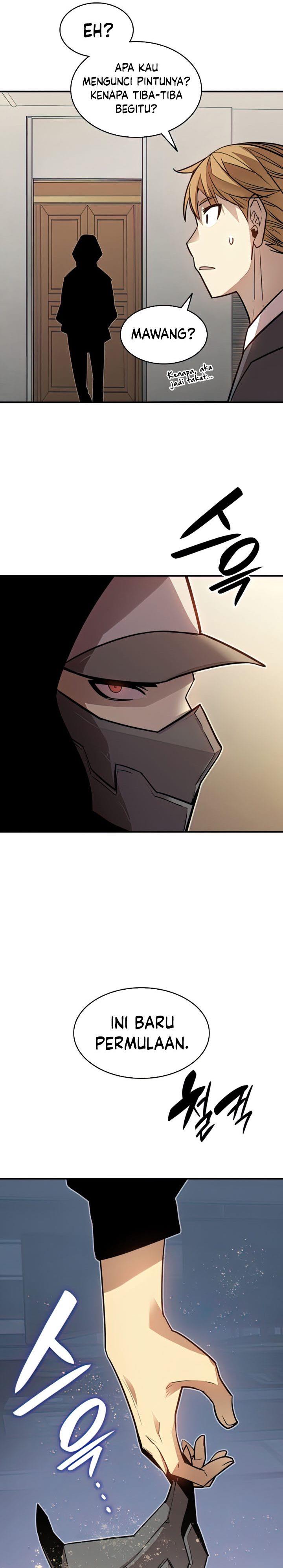 Worn and Torn Newbie Chap 124 - Next Chap 125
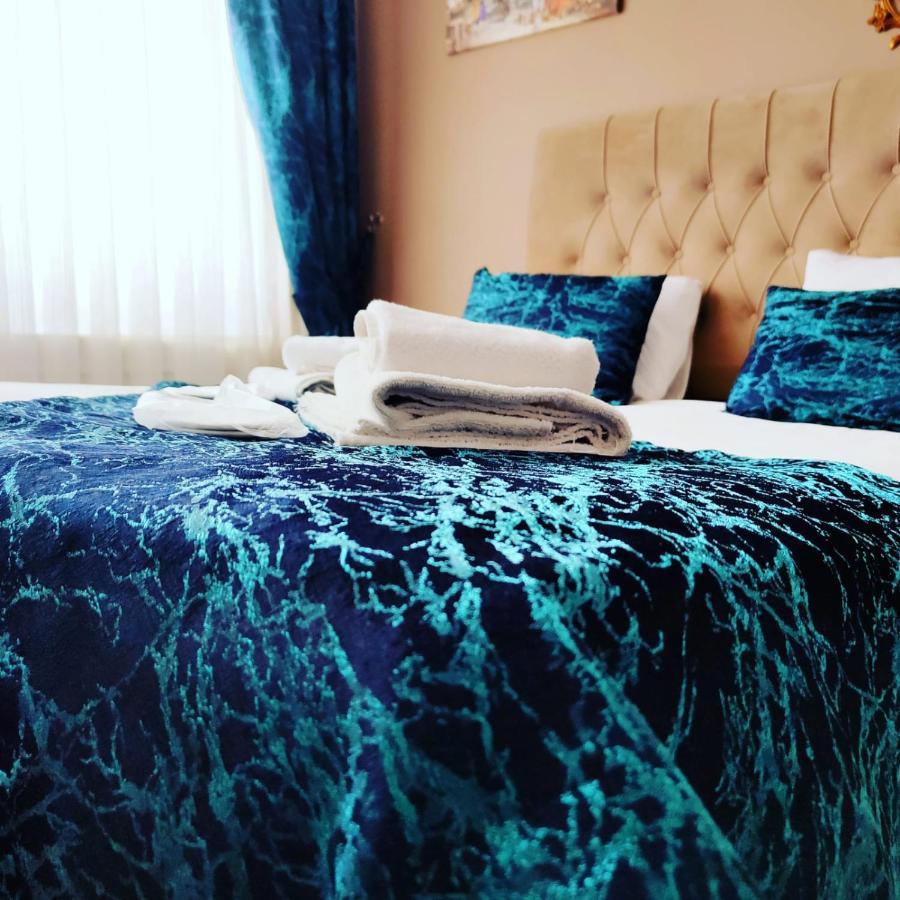 Hotel Estambul מראה חיצוני תמונה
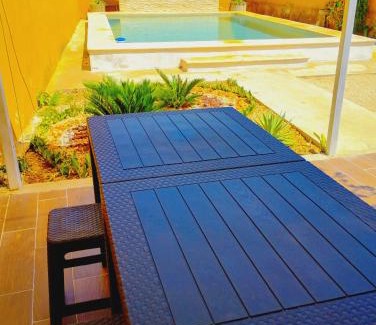 Izamal Maison | Casa Vera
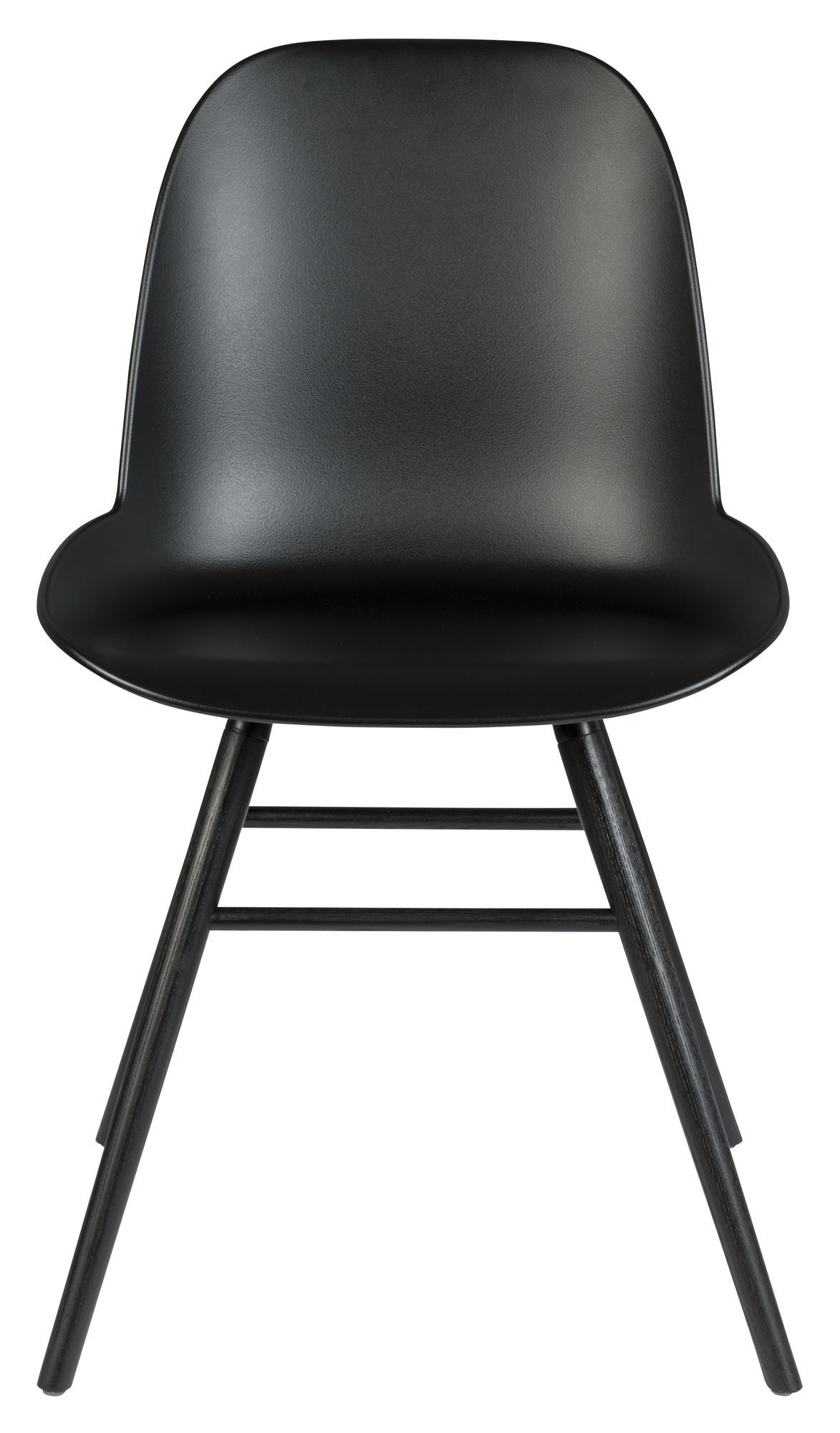 Zuiver Dining Chair Albert Kuip - Svart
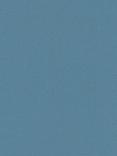 Galerie Linen Effect Texture Wallpaper, Blue Bw51010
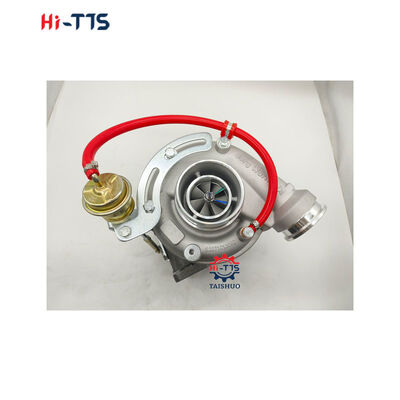 VOE21109241 21109241 Turbocompresor de marca Hi-TTS para motor diesel EC240B EC240C FC2924C D7D D7E
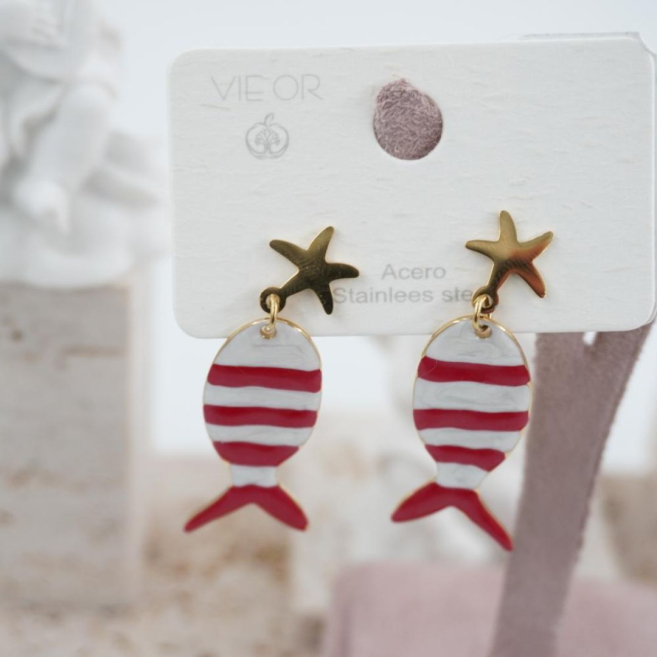 ARETES ACERO ZO12037E250 /G310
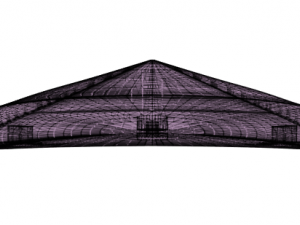 surfboard 5 3D Модель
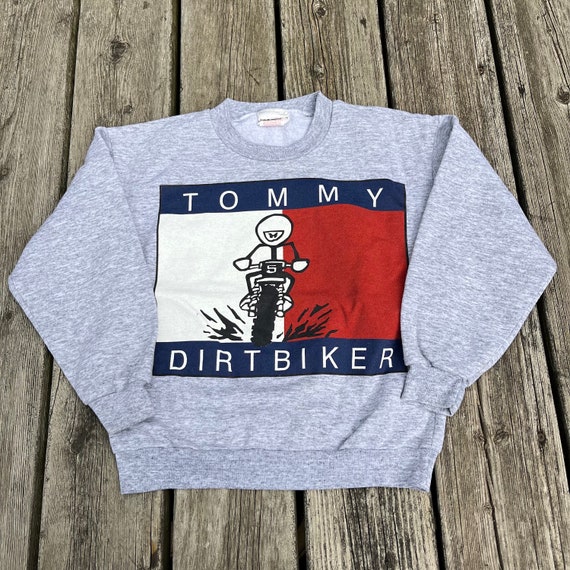 Youth Tommy sweater size youth M - image 1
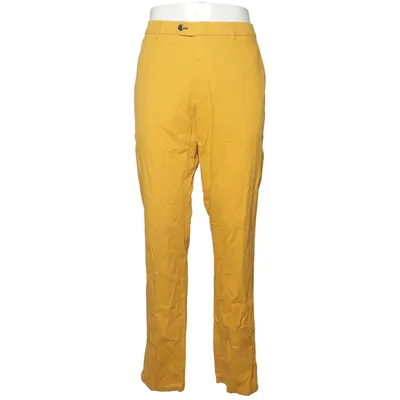 Chinos (Lupus) from MMX Cotton, Elastane, Leather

════════

_Problem description_.
Give all the entries again exactly, dropping each picture.

_Solution below_.
 Worn and Torn Newbie Chap 124 - Next Chap 125
 Hotel Estambul מראה חיצוני תמונה
 Izamal Maison | Casa Vera
 Zuiver Dining Chair Albert Kuip - Svart
 Galerie Linen Effect Texture Wallpaper, Blue Bw51010
 VOE21109241 21109241 Turbocompresor de marca Hi-TTS para motor diesel EC240B EC240C FC2924C D7D D7E
 ARETES ACERO ZO12037E250 /G310
 surfboard 5 3D Модель
 Youth Tommy sweater size youth M - image 1
 Chinos (Lupus) from MMX Cotton, Elastane, Leather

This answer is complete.